● **Problem description**
A faithful copy is needed of the lines below from the one with "Back to my roots door Yanina Verplanke" up to and including the one with "INTRODUCTION TO EDUCATIONAL ASSESSMENT"; set it down with no pictures and no other lines.

● **Data supplied**

▬▬▬▬▬▬

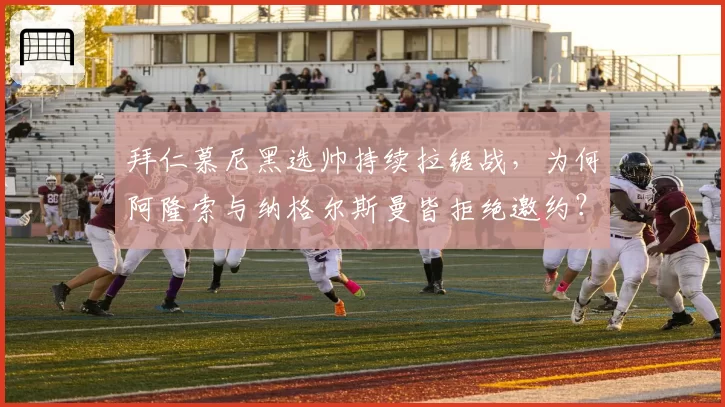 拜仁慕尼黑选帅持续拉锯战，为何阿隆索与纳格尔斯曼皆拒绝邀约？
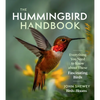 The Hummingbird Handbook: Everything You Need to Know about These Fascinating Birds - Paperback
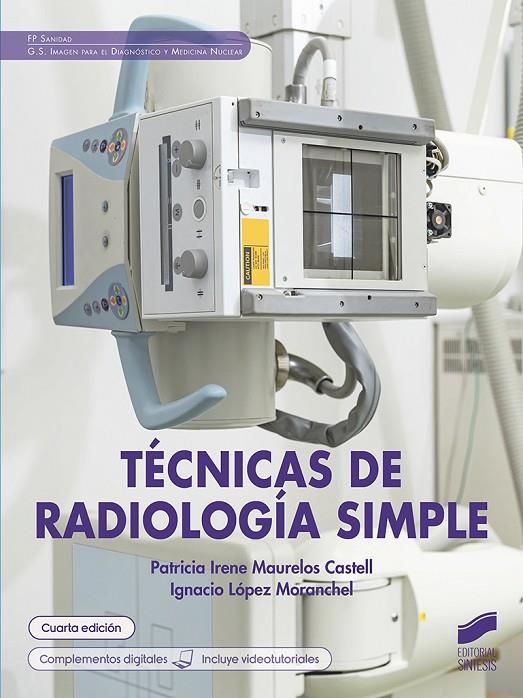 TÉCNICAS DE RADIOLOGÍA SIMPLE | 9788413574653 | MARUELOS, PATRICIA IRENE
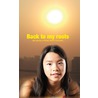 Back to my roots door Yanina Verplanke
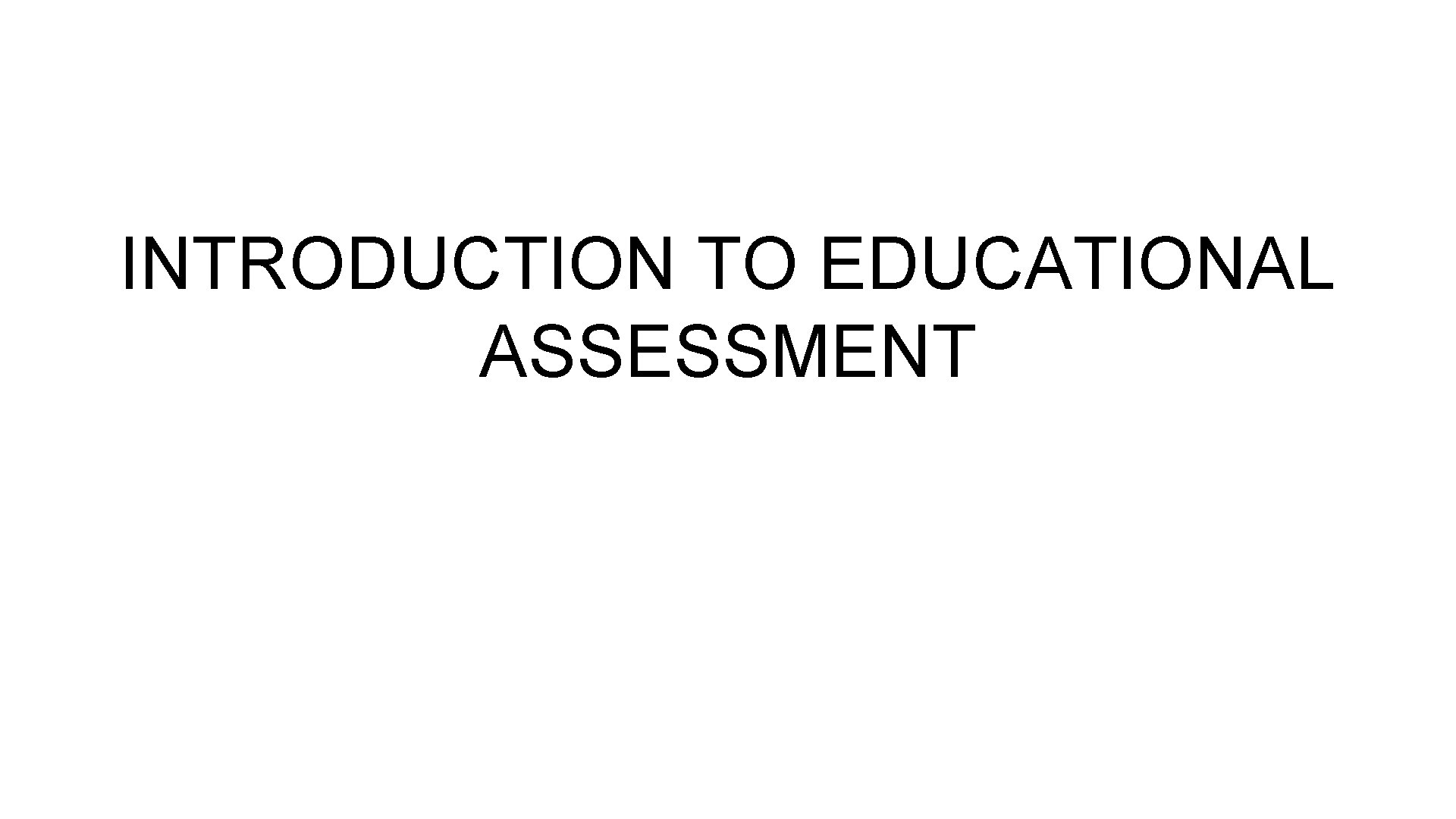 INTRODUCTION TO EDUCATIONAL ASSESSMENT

▬▬▬▬▬▬

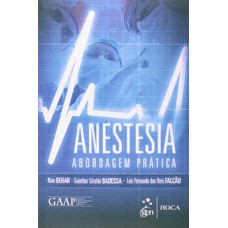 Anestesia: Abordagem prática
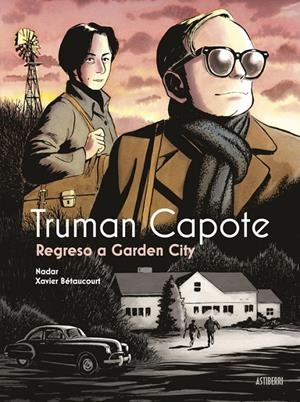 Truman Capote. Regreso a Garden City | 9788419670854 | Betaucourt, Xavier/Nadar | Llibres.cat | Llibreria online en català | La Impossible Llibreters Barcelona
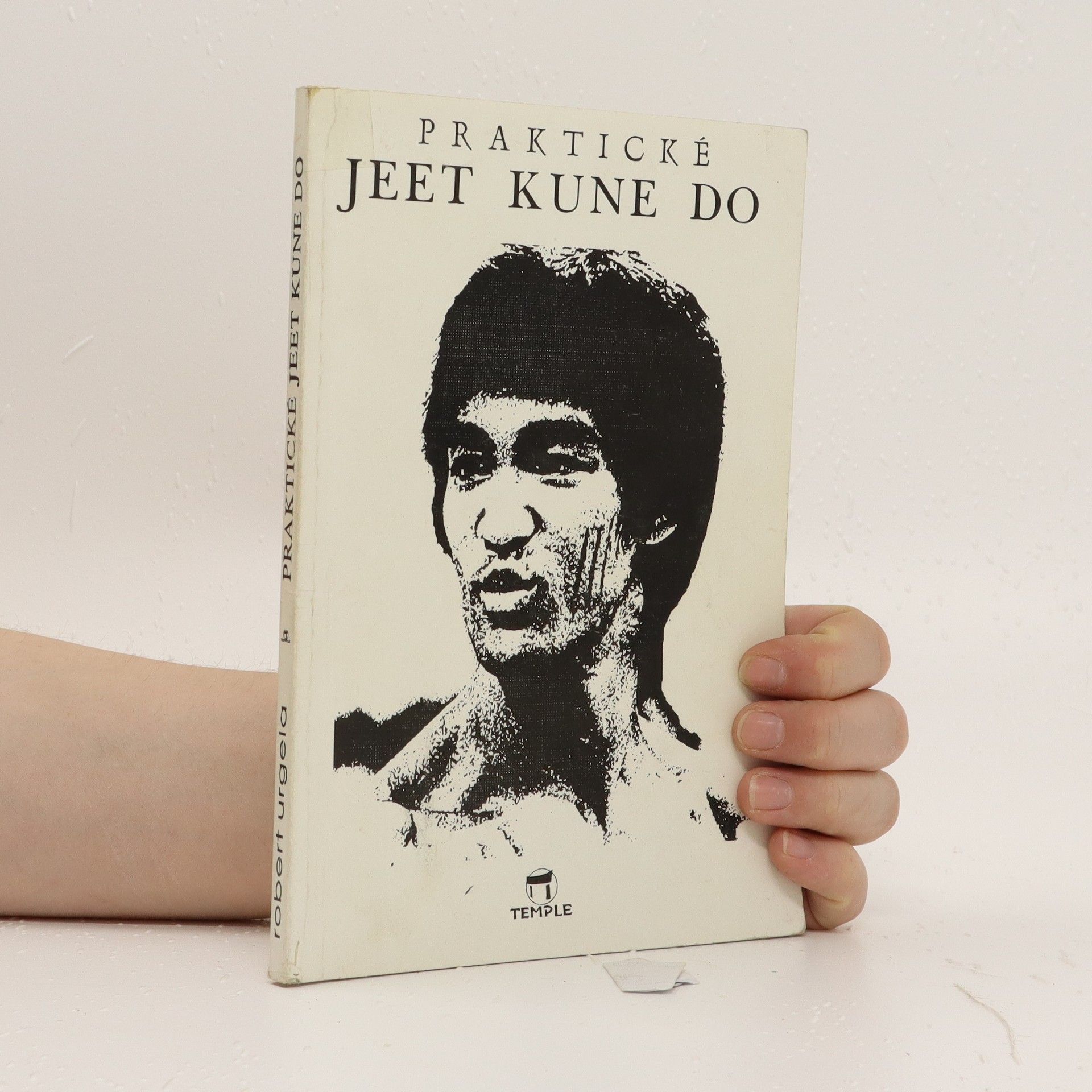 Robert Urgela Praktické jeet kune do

▬▬▬▬▬▬

● **Result of this exercise**
 Back to my roots door Yanina Verplanke
 INTRODUCTION TO EDUCATIONAL ASSESSMENT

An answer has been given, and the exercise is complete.